Santiago 4, 1-10; Sal 54, 7-8. 9-10a. 10b 11. 23 ; san Marcos 9, 30-37

Abrimos el periódico, y ahí nos encontramos, una vez más, con lo de cada día: enfrentamientos, guerras, separatismos radicales, odios, fanatismos… ¿Por qué utilizamos el lenguaje de la solidaridad, la justicia, el amor y la fraternidad, cuando hemos dado la espalda a Aquel que es fuente de todas estas reivindicaciones? “¿De dónde proceden las guerras y las contiendas entre vosotros? ¿No es de vuestras pasiones, que luchan en vuestros miembros? Codiciáis y no tenéis; matáis, ardéis en envidia y no alcanzáis nada; os combatís y os hacéis la guerra”. Estas palabras, que podrían proceder de cualquier analista de nuestros días, no son sino del apóstol Santiago, que supo ver, hace ya más de dos mil años, cuál era la raíz del problema en el ser humano: “¿No sabéis que amar el mundo es odiar a Dios?”.

¡A ver quién es el guapo que va por la calle denunciando que la fatalidad de nuestro destino es que hemos convertido nuestra relación con Dios en el enemigo público “número uno”! Sólo las sectas y los grupos de signo sospechoso (por no hablar de los fanatismos religiosos que todos conocemos), parecen tener el derecho a exigir el nombre de Dios (aunque sea en vano) como algo de su propiedad, y a realizar cualquier defensa o ataque (empleando también la sangre) contra los enemigos de sus creencias. ¿Hemos olvidado que el signo de los cristianos sigue siendo la Cruz, y que la verdad es la única capaz de hacernos libres? Nos lo dice Jesucristo en el Evangelio de hoy: “El Hijo del hombre va a ser entregado en manos de los hombres, y lo matarán; y, después de muerto, a los tres días resucitará”. El cristianismo, que ha sido la gran revolución de occidente durante siglos, ahora se encuentra devorado por sus propios hijos (ideologías y filosofías en las que tuvieron antaño su fuente y alimento), y que buscan en la mediocridad y el fingimiento un signo de vitalidad, pues no quieren reconocer su origen divino (somos hijos en el Hijo).

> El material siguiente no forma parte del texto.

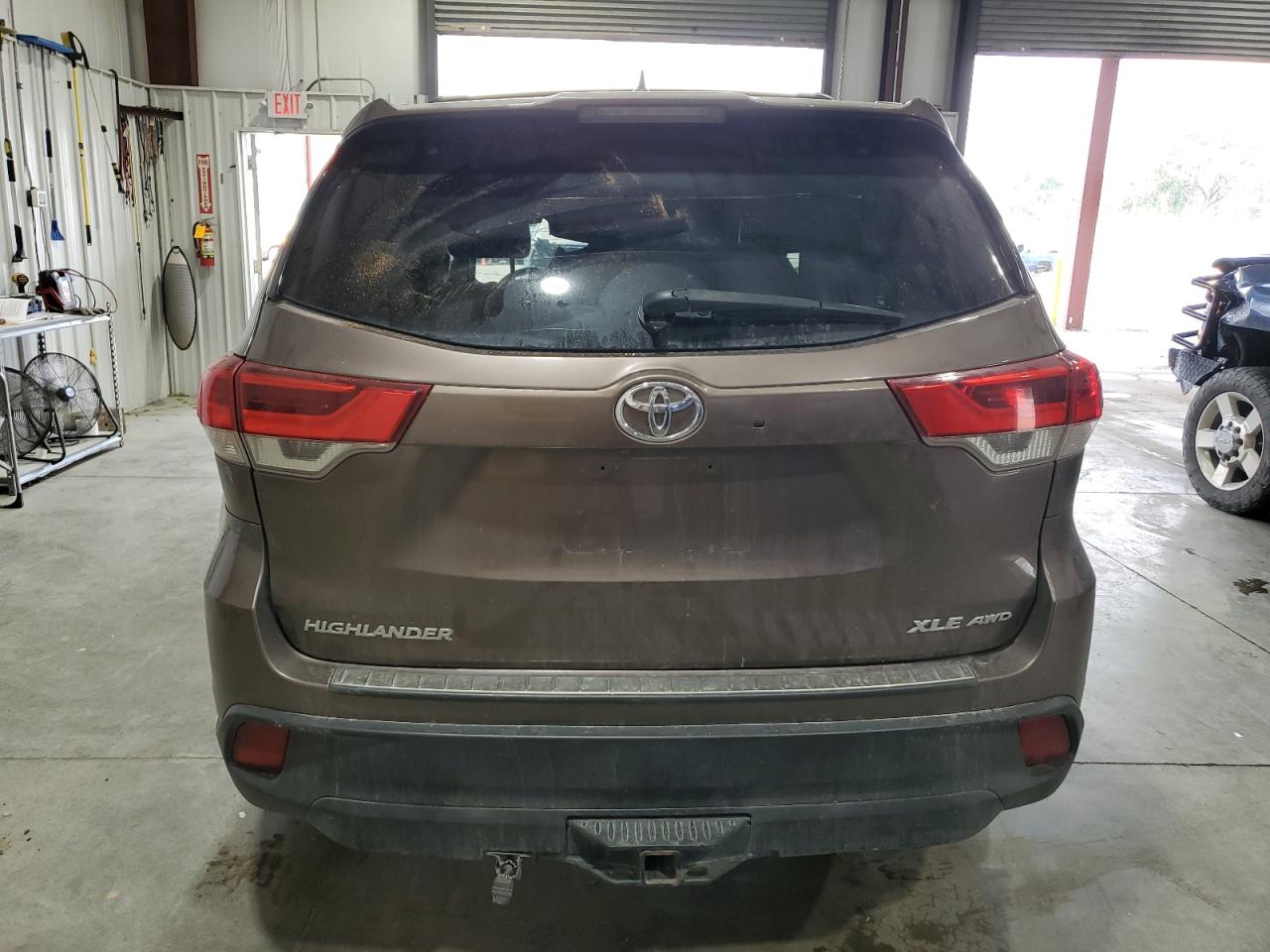 Lot #2766561066 2017 TOYOTA HIGHLANDER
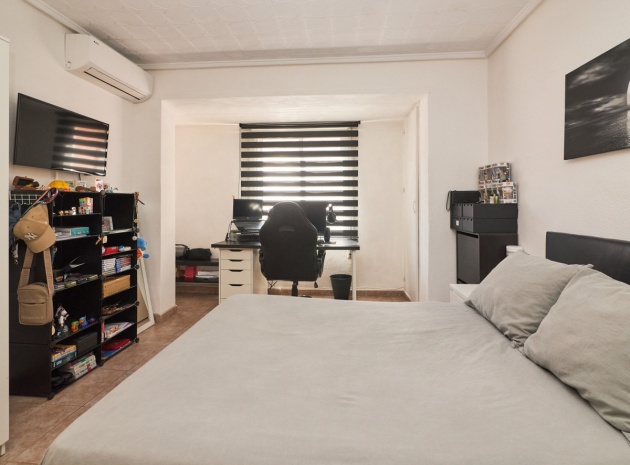 Wiederverkauf - Wohnung - Torrevieja - Torrevieja Centro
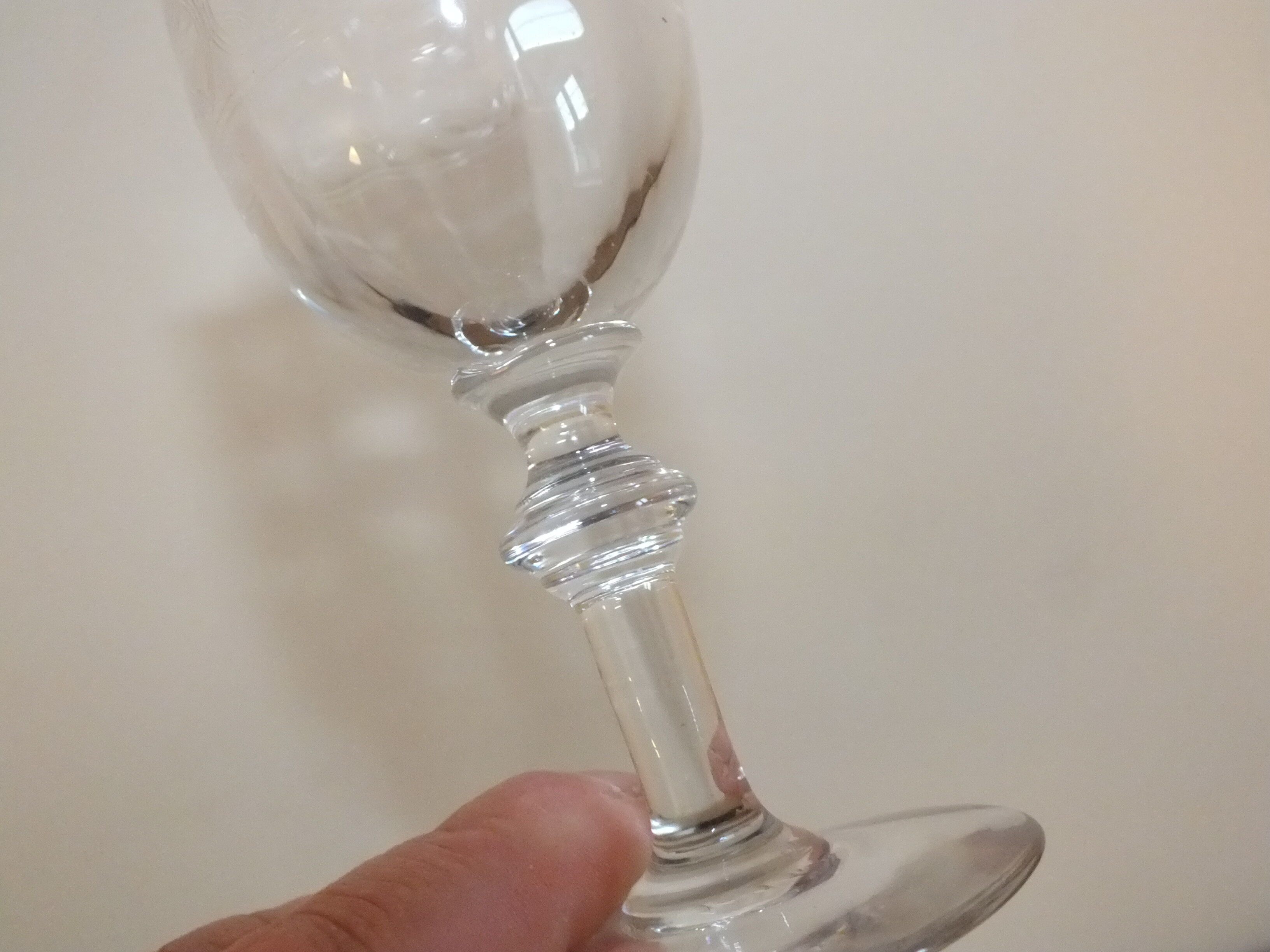 9 antique glasses in port or alcohol decorated with arabesques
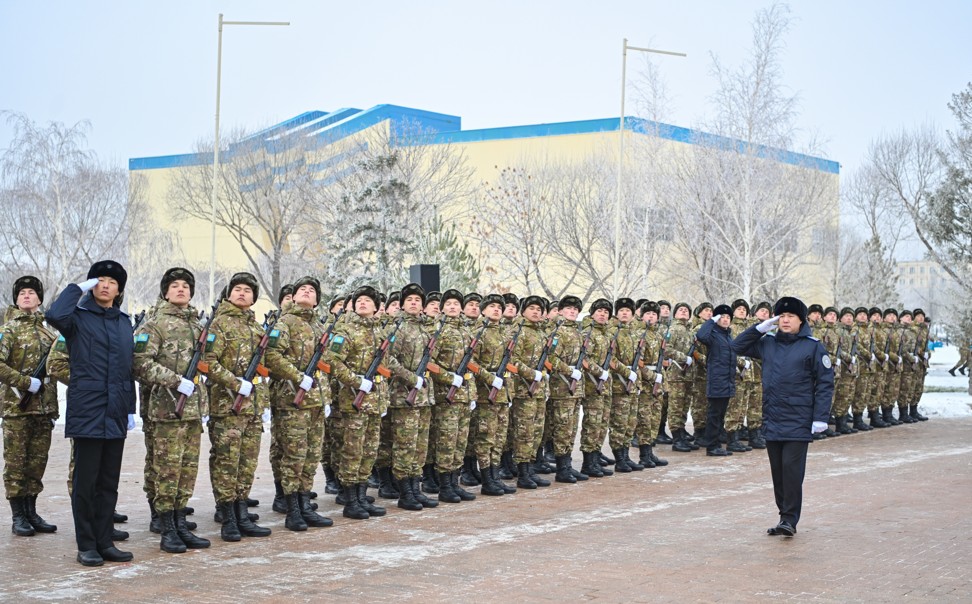 اسكەر دايارلىعىنا –  ءجىتى كوزقاراس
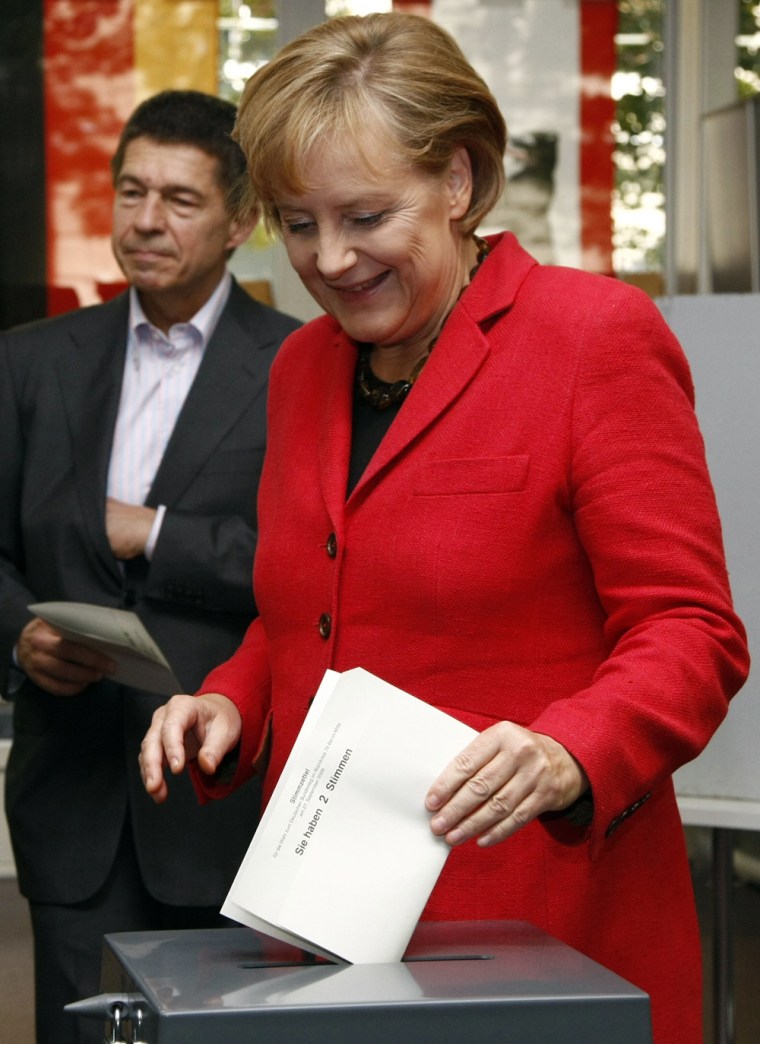 Image: German Chancellor Merkel casts her ballot in the German general election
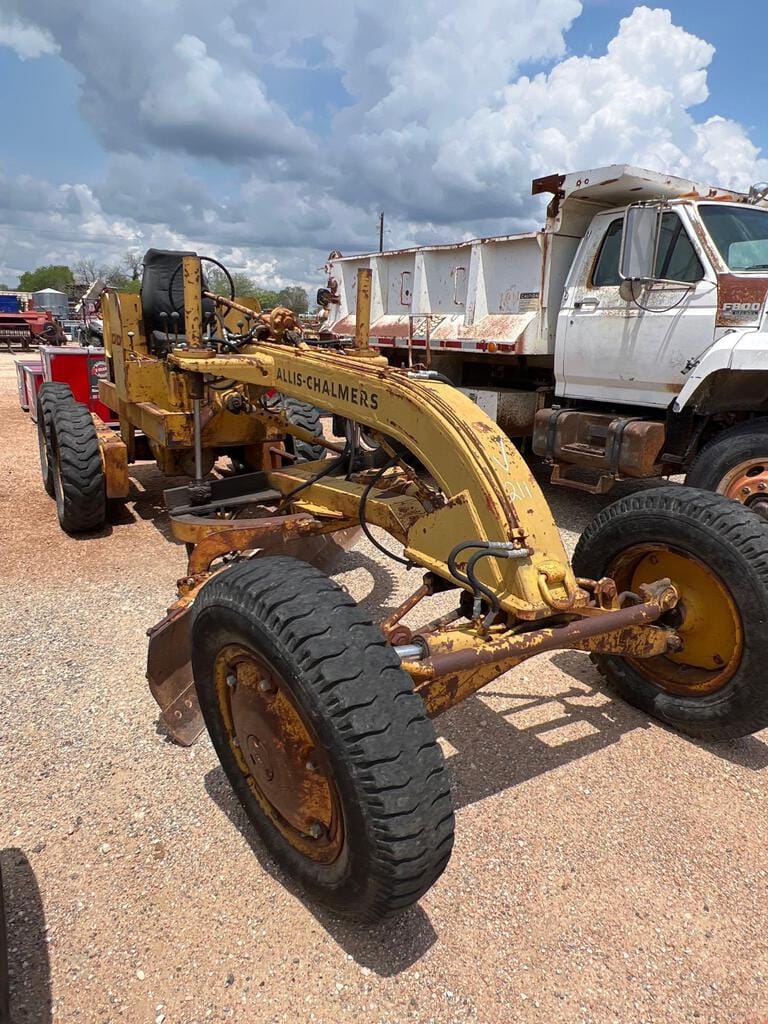 Main image Allis Chalmers DD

“Acercaos a Dios, y Dios se acercará a vosotros”. Santiago nos da la “receta”. Ponernos en manos de Él no es sucumbir al vasallaje o al sometimiento servil, sino recuperar nuestro auténtico linaje. ¿Crees que poner tu vida en las “buenas intenciones” de los hombres es la manera de ser auténtico? Si la mirada que diriges a otro no pasa por el corazón de Cristo te encontrarás mucho más lejos de la verdad de lo que imaginas. Nuestra vida cotidiana ha de estar impregnada de lo divino (un saludo, una conversación, un pensamiento…), y en ese acercamiento constante se va produciendo un diálogo que no renuncia a los detalles y a los momentos que, en muchas ocasiones, pasan desapercibidos ante los demás… Todo tiene sentido, ¡incluso el dolor!, porque nos acerca aún más al misterio de nuestra propia redención.

“Quien quiera ser el primero, que sea el último de todos y el servidor de todos”. El misterio de la Encarnación supuso un acercarse inaudito de Dios a cada uno de nosotros. Rescatar esa percepción en el corazón de cada hombre y mujer que nos rodean es la misión que nos toca vivir en estos tiempos que tanto nos duelen. Servir a los demás no es presumir de nuestros talentos, ni tampoco quejarnos de lo mal que lo hacen otros. Ser el último de todos es ser primeros en el dar y el entregarse, buscando, no el éxito personal, sino que la luz de Cristo brille en nuestra familia, en nuestra amistad y en nuestro trabajo. Esa fue la normalidad con la que vivió constantemente nuestra Madre la Virgen, y así se ganó el amor de Dios en cada uno de sus gestos que le acompañaron durante toda su vida, y nos hace llegar también ahora a nosotros.